The state's official NIMBY stance on oil and gas
production is well-documented in its long-standing battle with Chevron
over development of Destin Dome Block 56. The field lies 25 miles
south of Pensacola and 20 miles east of the so-called "stovepipe"
section of the Lease Sale 181 area. Block 56 is projected to harbor
from 1 to 3 Tcf of dry, natural gas, according to the Florida Energy
Information data.
Destin Dome is part of the Jurassic Norphlet Trend
-- a major producing natural gas trend that extends westward in
the GOM from the Destin Dome blocks to offshore blocks south of
Pascagoula, Miss.
Chevron acquired leases there in 1984, prior to leasing
moratoria off much of the Florida coast, imposed during the elder
Bush's White House tenure, said MMS spokesperson A.B. Wade.
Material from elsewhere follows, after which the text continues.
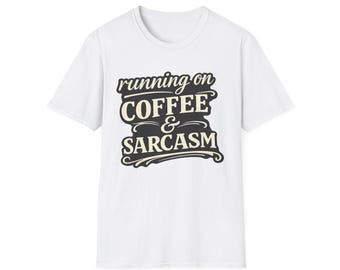 Camiseta con café y sarcasmo / Camiseta con frase divertida sobre café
The company submitted an exploration plan to both
the MMS and the state of Florida, in accordance with the Coastal
Zone Management Act, to seek approval to proceed with drilling operations.
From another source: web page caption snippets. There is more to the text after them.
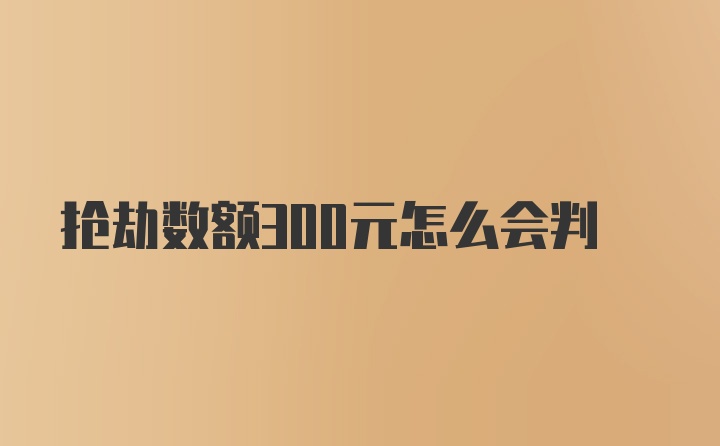 抢劫数额300元怎么会判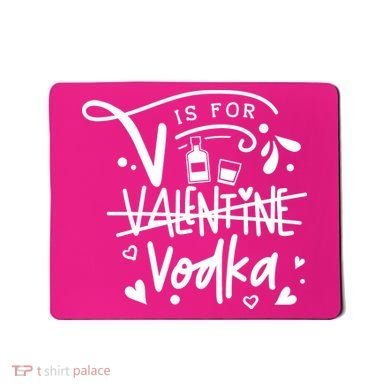 V Is For Valentine Vodka Gift Mousepad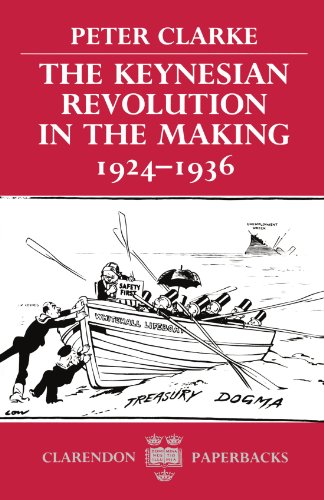 Book The Keynesian Revolution in the Making, 1924-1936 (Clarendon Paperbacks) free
Florida rejected the plan, but the U.S. Commerce
Department overruled the denial, and Chevron proceeded to drill
to delineate the lease. A development plan submitted in 1996 was
again rejected by Florida and now awaits a decision from Commerce.
Despite the prevalent political and environmental-activist
NIMBY rhetoric regarding Lease Sale 181, Gohrbandt is far from alone
in recognizing the state's tenuous energy situation and the need
to attain some degree of self-sufficiency.
"I'm tired of Florida being a politically-created
energy welfare state," said Bill Boe, a retired Gainsville history
teacher and native Floridian.
"Florida is part of the energy problem," he said,
" and we just expect other people to send their energy to us.
"There's a huge number of us vets living here," Boe
continued, "and we all agree we'd rather risk some millimeter of
something on our beaches than see more buckets of American blood
spilled defending oil wells in the Middle East."
Scoffing at predictions of environmental damage from
drilling, Boe asserts the greatest environmental disaster in Florida's
history is the overpopulation of its coastal wetlands, with 13 million
people living within 30 miles of the coast.
Boe doesn't just talk the talk. His pro-drilling
campaign agenda includes an upcoming visit to the nation's capitol
at his expense to lobby members of Florida's congressional delegation
to ditch "a political strategy of fear and help the state become
more energy independent."
Other Sources
The Sunshine State doesn't have far to go to acquire
other people's energy.
The Central Gulf is a veritable hotbed of drilling
activity, and the governors of Alabama, Mississippi and Louisiana
are on record in favor of the proposed lease sale. They cite the
jobs it will create, the dollars to be spent on products and services
by the industry and the need for the additional energy supply.
Indeed, the MMS expects the central Gulf Coast region
to benefit from as many as 5,534 jobs during peak activity, most
likely in the year 2019. There would be 1,691 jobs created indirectly,
with 2,202 additional jobs in the private sector.
When preparing the initial EIS for the proposed lease
sale, the federal agency analyzed numerous factors and what the
potential environmental effects might be. These include:
- Air and water quality.
- Oil spill risk.
- Sea-bottom habitats for marine life.
- Military operations in this area of the GOM.
The agency reveiwed three alternatives relative to
the proposed sale:
- All unleased blocks within Lease Sale 181 area would be offered
for lease.
- Defer 126 blocks in the eastern area due to possible conflicts
between oil and gas operations and military operations.
- No Action, which is equivalent to canceling the sale.
Once the Final EIS is complete sometime early in
July, the agency will select one of these alternatives.
For now, the sale is planned to occur in December,
with October being the "drop dead" date for a final decision, according
to Wade at the MMS.
"This is because industry needs to know," she said,
"and, by law, we must have time to issue the final notice and then
have a public comment period."
"I think they'll definitely hold the sale," Gohrbandt
said, "and we need this gas badly."
Still, his congressional representative, Joe Scarborough,
R-Pensacola, said it's not going to come from Lease Sale 181, because
"my back yard depends on a clean environment."
He doesn't specify where, in fact it will come from.